Une frappe aérienne de la coalition arabe menée par l'Arabie saoudite a touché vendredi 12 juin la vieille ville de Sanaa, faisant cinq morts et détruisant trois maisons dans ce secteur classé par l'Unesco au patrimoine mondial de l'humanité. L'Unesco a d'ailleurs immédiatement condamné les destructions.

Le raid, lancé avant l'aube, est la première frappe directe à toucher ce quartier depuis le lancement le 26 mars de la campagne aérienne menée par la coalition contre les rebelles chiites Houthis et leurs alliés, selon des habitants.

Attaque directe

Un missile a chuté sans exploser dans le quartier de Qassimi, situé dans une zone qui comprend des milliers de maisons vieilles de plusieurs siècles, selon un journaliste de l'AFP et des témoins. La chute du missile a cependant démoli des maisons de trois étages et tué cinq personnes, dont une femme et un enfant, ont indiqué des sources médicales et des témoins. L'objectif du raid n'était pas clair, avec des affirmations contradictoires d'habitants sur le fait que des rebelles occupaient ou non l'une des maisons visées.

Dans le même temps, des avions de la coalition ont également frappé des positions et dépôts d'armes appartenant aux rebelles et à leurs alliés - des forces restées fidèles à l'ex-président Ali Abdallah Saleh - à Sanaa ainsi que dans la province pétrolière de Marib (est).

Condamnation de l'Unesco

Édifiée dans une vallée au milieu des montagnes à 2.200 mètres d'altitude, Sanaa était au VIIe et VIIIe siècles un important centre de propagation de l'islam. On y décompte 103 mosquées, 14 hammams et quelque 6.000 maisons, dont des maisons-tours ou d'autres en pisé, construites avant le XIe siècle.

Dans un communiqué, la directrice générale de l'organisation onusienne basée à Paris, Irina Bokova, s'est dite "profondément affligée par les pertes de vies humaines et les dommages infligés à l'un des plus anciens joyaux de l'urbanisme islamique au monde. Cette destruction ne va qu'exacerber la situation humanitaire et je réitère mon appel à toutes les parties à respecter et protéger l'héritage culturel du Yémen", "symbole d'une histoire millénaire" qui "appartient à toute l'humanité", a-t-elle ajouté.

Déjà en mai, l'Unesco s'était alarmée des "sérieux dégâts" causés par des bombardements sur la vieille ville et avait appelé "toutes les parties en présence à tenir le patrimoine culturel hors de portée des conflits". Des habitants avaient déjà indiqué auparavant que des maisons de la vieille ville avaient été endommagées par des frappes aériennes visant le ministère de la Défense, situé non loin de là.
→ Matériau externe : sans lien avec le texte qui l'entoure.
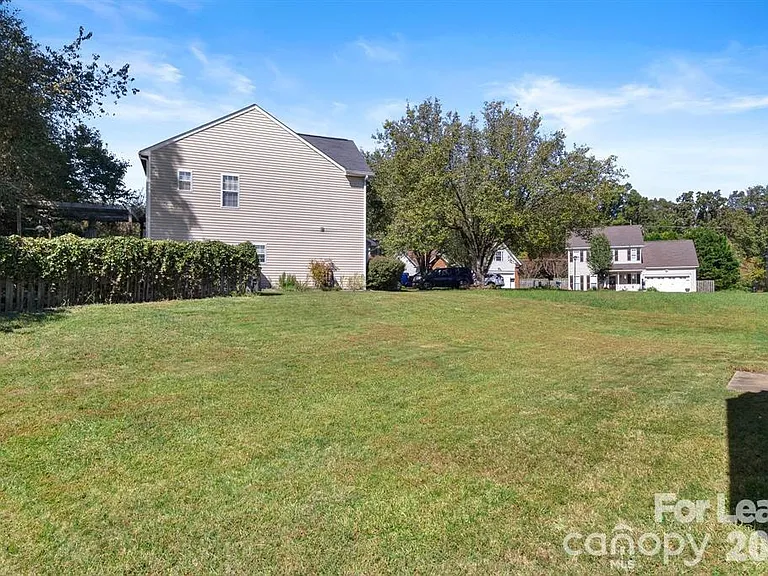 6828 Ayrshire Glen Pl — Photo 18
Partis de Saada, leur fief dans le nord du Yémen, les Houthis ont pris le contrôle de la capitale en septembre 2014, puis de vastes régions du nord, de l'ouest et du centre. Ils ont ensuite avancé vers le sud, poussant le président Abd Rabbo Mansour Hadi à fuir Aden, où il s'était réfugié, pour s'exiler en Arabie saoudite. C'est pour stopper leur avancée que la coalition a lancé sa campagne de raids fin mars.